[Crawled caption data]
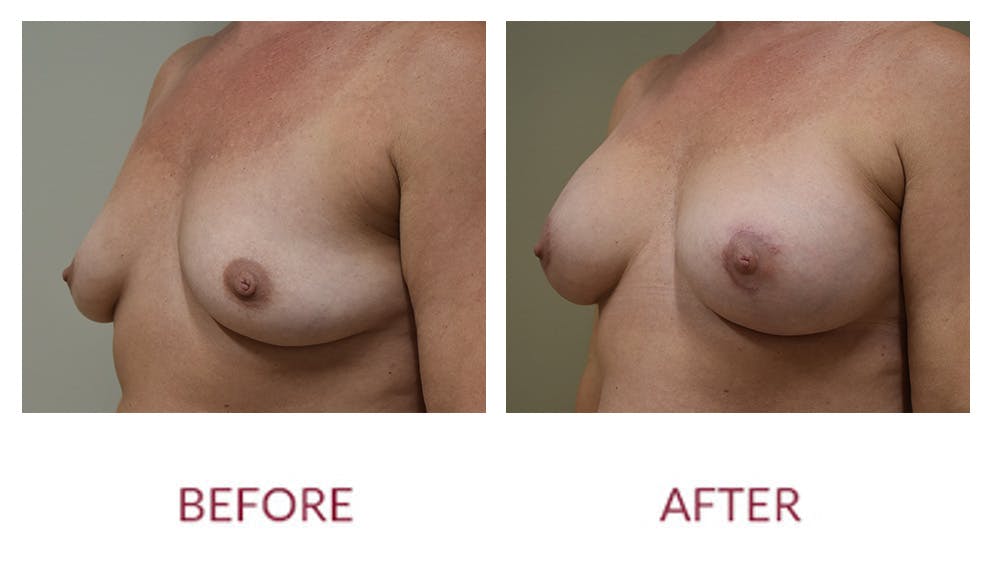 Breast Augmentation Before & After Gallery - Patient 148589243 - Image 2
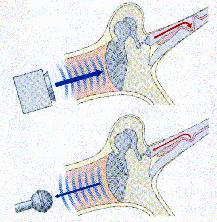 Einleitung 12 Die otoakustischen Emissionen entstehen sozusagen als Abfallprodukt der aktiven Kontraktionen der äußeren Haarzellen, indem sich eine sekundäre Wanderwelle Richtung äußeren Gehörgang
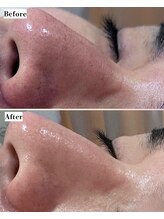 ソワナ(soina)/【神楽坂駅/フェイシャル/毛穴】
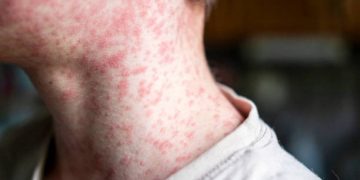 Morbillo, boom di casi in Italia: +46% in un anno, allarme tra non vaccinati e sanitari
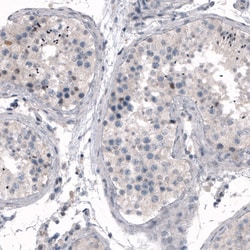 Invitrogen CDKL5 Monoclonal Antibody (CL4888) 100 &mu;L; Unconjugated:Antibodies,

DIRECTIONS FOR THIS TASK: Without the pictures, retype exactly the lines from the one that holds "Morbillo, boom di" to the last line of the data above, both of them included.

SOLUTION FOR THIS TASK:
 Morbillo, boom di casi in Italia: +46% in un anno, allarme tra non vaccinati e sanitari
 Invitrogen CDKL5 Monoclonal Antibody (CL4888) 100 &mu;L; Unconjugated:Antibodies,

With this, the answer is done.